Volume 2012 (2012), Article ID 974023, 23 pages
http://dx.doi.org/10.1155/2012/974023
Research Article

Static and Vibrational Analysis of Partially Composite Beams Using the Weak-Form Quadrature Element Method

Department of Civil Engineering, Tsinghua University, Beijing 100084, China

Received 29 August 2011; Revised 7 November 2011; Accepted 21 November 2011

Academic Editor: Trung Nguyen Thoi

Copyright © 2012 Zhiqiang Shen and Hongzhi Zhong. This is an open access article distributed under the Creative Commons Attribution License, which permits unrestricted use, distribution, and reproduction in any medium, provided the original work is properly cited.

Abstract

Deformation of partially composite beams under distributed loading and free vibrations of partially composite beams under various boundary conditions are examined in this paper. The weak-form quadrature element method, which is characterized by direct evaluation of the integrals involved in the variational description of a problem, is used.
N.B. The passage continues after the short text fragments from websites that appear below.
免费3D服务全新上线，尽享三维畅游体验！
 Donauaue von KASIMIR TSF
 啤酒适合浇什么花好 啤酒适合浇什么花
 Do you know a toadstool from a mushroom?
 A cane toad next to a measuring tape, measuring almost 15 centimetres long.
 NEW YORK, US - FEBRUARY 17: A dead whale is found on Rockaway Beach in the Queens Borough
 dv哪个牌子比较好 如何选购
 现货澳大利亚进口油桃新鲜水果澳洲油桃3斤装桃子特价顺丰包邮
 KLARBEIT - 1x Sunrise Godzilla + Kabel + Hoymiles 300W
One quadrature element is normally sufficient for a partially composite beam regardless of the magnitude of the shear connection stiffness. The number of integration points in a quadrature element is adjustable in accordance with convergence requirement. Results are compared with those of various finite element formulations. It is shown that the weak form quadrature element solution for partially composite beams is free of slip locking, and high computational accuracy is achieved with smaller number of degrees of freedom. Besides, it is found that longitudinal inertia of motion cannot be simply neglected in assessment of dynamic behavior of partially composite beams.

1. Introduction

Composite structures of different materials with interlayer slip have found a wide range of applications in structural engineering, such as in building, bridge and shelter construction. Common examples of such structures in civil engineering are steel-concrete composite beams (or decks) in buildings and bridges, wood-concrete floor or wall systems, and so forth. Shear connectors are usually used to connect different portions of these composite structures such as headed studs for steel-concrete composite beams. Since the shear connector is not completely rigid in practice, an interlayer slip, also known as partial interaction, often develops. In some cases, the interlayer slip significantly affects the mechanical behavior of composite systems. Thus, the structural model must account for the interlayer slip between the components, and this is very important in analysis and design of such partially composite structural systems.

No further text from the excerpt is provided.